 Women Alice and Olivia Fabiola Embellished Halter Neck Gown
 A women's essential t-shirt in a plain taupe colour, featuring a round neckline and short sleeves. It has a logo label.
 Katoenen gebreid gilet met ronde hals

What to work on :: Beginning with the line that contains "A women's essential", return every line through the end of the data above, exactly as written.

Solution to this exercise ::
 A women's essential t-shirt in a plain taupe colour, featuring a round neckline and short sleeves. It has a logo label.
 Katoenen gebreid gilet met ronde hals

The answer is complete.